*Provided records:*
● ● ● ●

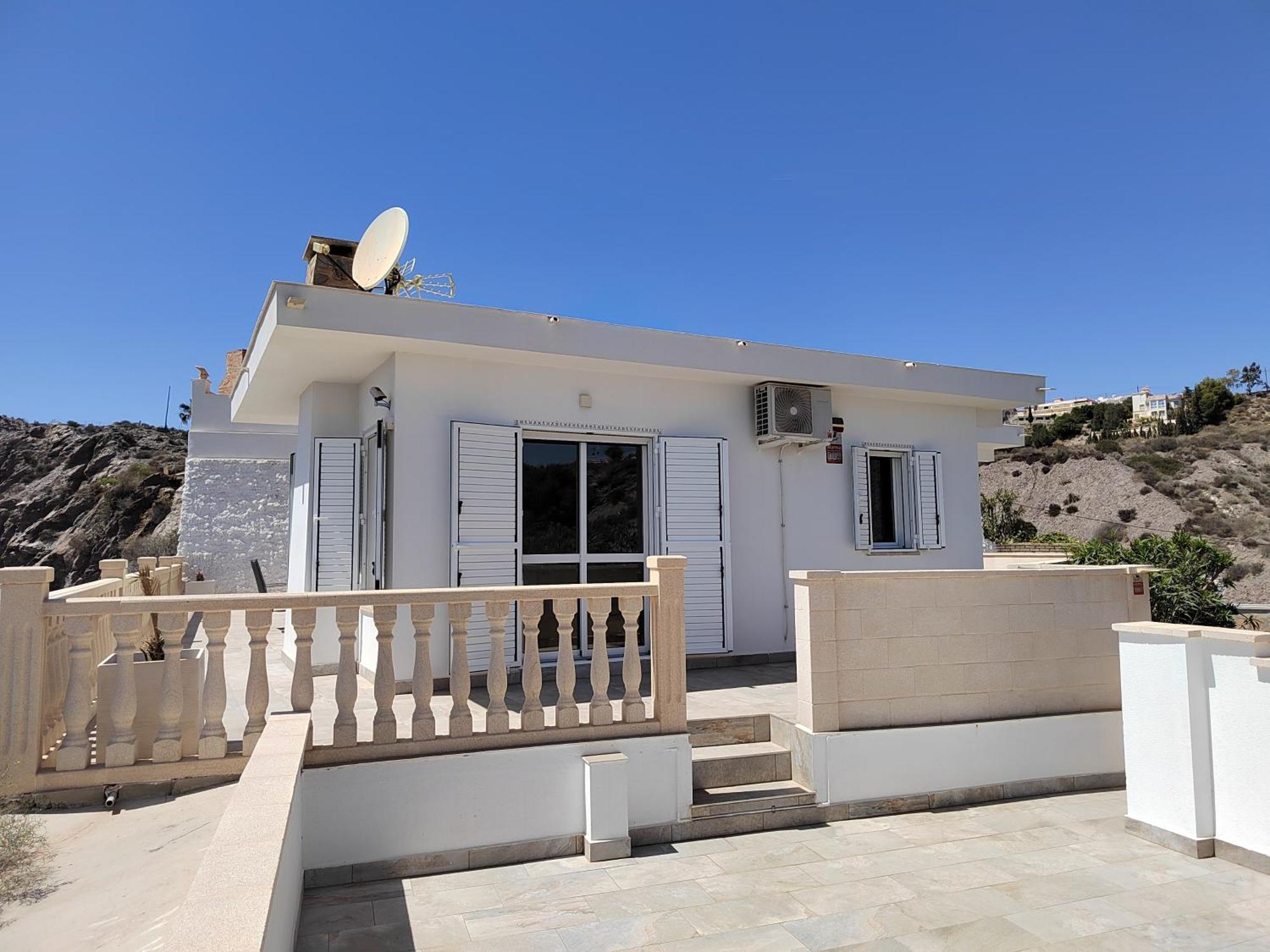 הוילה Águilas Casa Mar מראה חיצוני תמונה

● ● ● ●

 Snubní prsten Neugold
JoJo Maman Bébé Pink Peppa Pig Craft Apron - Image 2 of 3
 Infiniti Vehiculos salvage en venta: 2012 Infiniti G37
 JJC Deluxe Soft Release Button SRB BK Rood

● ● ● ●

*What is required:*
Precisely the lines between those holding "Snubní prsten Neugold" and "JJC Deluxe Soft Release Button SRB BK Rood", inclusive, are to be reproduced from the listing above, with nothing added.

*Final answer:*
 Snubní prsten Neugold
JoJo Maman Bébé Pink Peppa Pig Craft Apron - Image 2 of 3
 Infiniti Vehiculos salvage en venta: 2012 Infiniti G37
 JJC Deluxe Soft Release Button SRB BK Rood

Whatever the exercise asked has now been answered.